Find the constant $p$ and $q$ in the $\lim_{x \to \infty}$

Question

Given $$\lim_{ x\to \infty} \sqrt{x^2-x+1} -px-q=0$$ find the values of $p$ and $q$. The answer is $p=1$ and $q= -1/2$.

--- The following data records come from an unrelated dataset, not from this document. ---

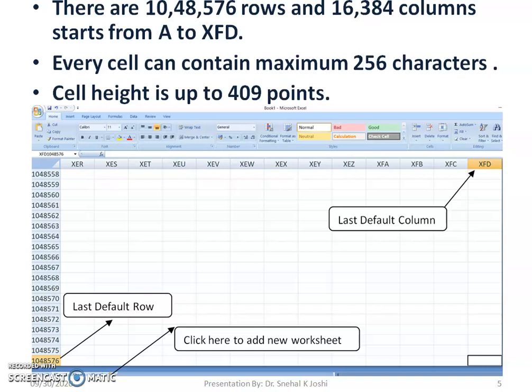Every cell can contain a maximum of 256 characters. Cell height is up to 409 points — so a cell has a width of 256 characters and height up to 409 points. These dimensions pertain to Microsoft Excel version 2007 and later. For any other spreadsheet application, it may be different.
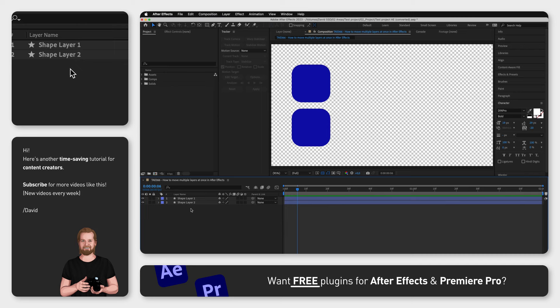Start by right-clicking in the Timeline window, go to New, and then click Null Object.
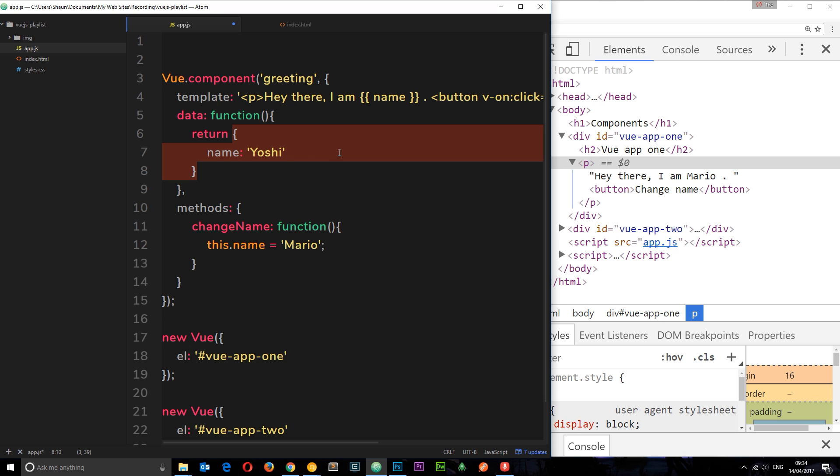So a little confusing at first, but that's how we use data in components, and that's how we can create components to create reusable code and templates we can use in different sections on a website. Like I say, we're going to delve into this much deeper as we create single page components later on, and it will all kind of click into place.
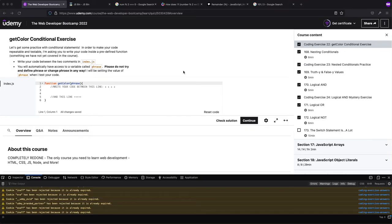Welcome back to Boomer's Playground, and today we'll be going over coding exercise 22 in the Colt Steel Web Developer Bootcamp on Udemy.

I know the method is using L'Hospital’s rule and I rationalise the denominator. But I don’t know how to find the p and q. Thank you very much!

Answer 1

HINT

We have that

$$\sqrt{x^2-x+1}-px-q=\left[\sqrt{x^2-x+1}-(px+q)\right]\frac{\sqrt{x^2-x+1}+(px+q)}{\sqrt{x^2-x+1}+(px+q)}=$$

$$=\frac{x^2-x+1-(px+q)^2}{\sqrt{x^2-x+1}+(px+q)}=\frac{x^2-x+1-p^2x^2-2pqx-q^2}{\sqrt{x^2-x+1}+(px+q)}$$

Answer 2

By completing the square,

$$\sqrt{x^2-x+1}=\sqrt{\left(x-\frac12\right)^2+\frac34}=\left(x-\frac12\right)\sqrt{1+\frac3{4{\left(x-\dfrac12\right)^2}}}$$ hints you the values of $p$ and $q$ (as the second factor quickly converges to $1$). Then you can check by rationalizing the numerator.

Answer 3

The fastest method consists in a substitution $x=\dfrac1u$ $\;(u\to 0_+)$ to obtain $$f(x)=\frac1u\sqrt{1-u+u^2\strut},$$ and taking Taylor's expansion at order $2$ for the square root near $0$: $$\sqrt{1-u+u^2\strut}=1+\frac12(-u+u^2)-\frac18(-u+u^2)^2+o(u^2)=1-\frac12u+\frac38u^2+o(u^2),$$ so $$f(x)=\frac1u-\frac12+\frac38u+o(u)=x-\frac12+\frac3{8x}+o\Bigl(\frac1x\Bigr).$$

Thus we obtain $p=1$, $\;q=-\dfrac12$, and we have one more information: near $+\infty$, $$f(x)-\Bigl(x-\frac12\Bigr)>0$$ since $\frac3{8x}>0$.